Responding to global pressures to converge accounting rules and increase transparency and regulatory cooperation, critics of the present system in the U.S. squarely pin the blame for the current market turmoil on antiquated regulatory models whose gaps have left risky financial instruments such as credit default swaps unregulated and whose rules have prevented regulators from viewing the entire financial picture of a company. And while the U.S. financial services industry is preparing to undergo an unprecedented review, with regulatory reform likely to take center stage immediately, the insurance industry stands at a particularly unique juncture as the notion of state-based regulation gets positioned for a rewrite.
There has been considerable debate on federal oversight of the insurance industry for more than a decade. But given the recent federal bailout package, the equity stakes the Treasury has taken in companies and the rising global recession, perhaps at no time since state-based insurance regulation came to the fore in the late 1800s have the arguments for a federal oversight role been more pointed. What's more, the framework for such a plan is already in place.

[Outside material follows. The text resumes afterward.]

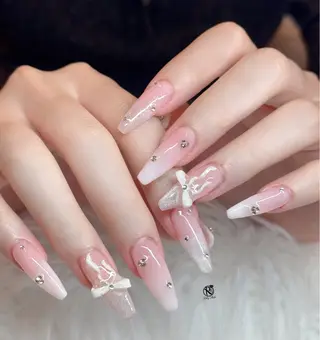 ネイル チェリネイルサロン 霞ヶ関のネイルデザイン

In the spring U.S. Treasury Secretary Henry Paulson unveiled a blueprint that called for a prudential "systemic risk" financial regulator, the merging of agencies such as the Office of the Comptroller of the Currency and the Office of Thrift Supervision, and an optional federal charter for insurers. The OFC would allow insurers, reinsurers, agents and brokers to opt to be regulated under a federal regulator or to remain under the existing state-based system of supervision. Paulson's OFC plan closely mirrored the National Insurance Act, whose lead sponsor was Republican Sen. John Sununu of New Hampshire, who recently lost his reelection bid.
Expected to champion future discussions for the new regulatory regime is Democrat Senate Banking Committee Chairman Chris Dodd of Connecticut, who is on record as saying that neither he nor the committee have reached a decision on whether the responsibility for supervision should lie with a single regulator or with multiple agencies. That leaves a lot up for question.

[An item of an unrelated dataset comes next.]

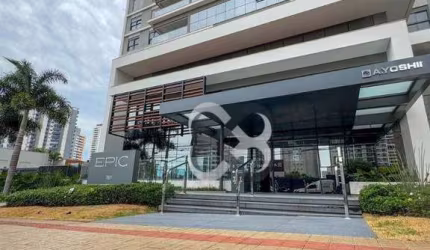 Apartamento, 207 m² - venda por R$ 2.790.000,00 ou aluguel por R$ 14.800,00/mês - Gleba Fazenda Palhano - Londrina/PR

Of particular concern for insurers is the possibility of overregulation, or adding layers of federal regulation atop existing state mandates. Some have expressed concern that the "optional" in OFC will no longer be an option; rather, federal oversight would be a mandate that adds to the regulatory burden.
Those who fear the strike of a weighty regulatory gavel on insurers should take solace in knowing that there are just as many calls for sound improvements in oversight. President-elect Barack Obama, for one, has indicated that the answer to the current financial crisis is not heavy-handed regulation, rather a restoration of a sense of balance that keeps the American entrepreneurial spirit alive.
Beyond the U.S., up for question also is whether a global systemic risk mechanism would be in order. The first step might have been seen at the recent Group of 20 summit in Washington, where economic leaders agreed to take immediate action to establish supervisory colleges that would include all major cross-border financial institutions.
One thing is certain: The question of new regulatory mandates for the insurance industry is not one of "if" -- as events unfold under a new Congress and presidential administration in 2009, the industry cannot be at the table too early or too often.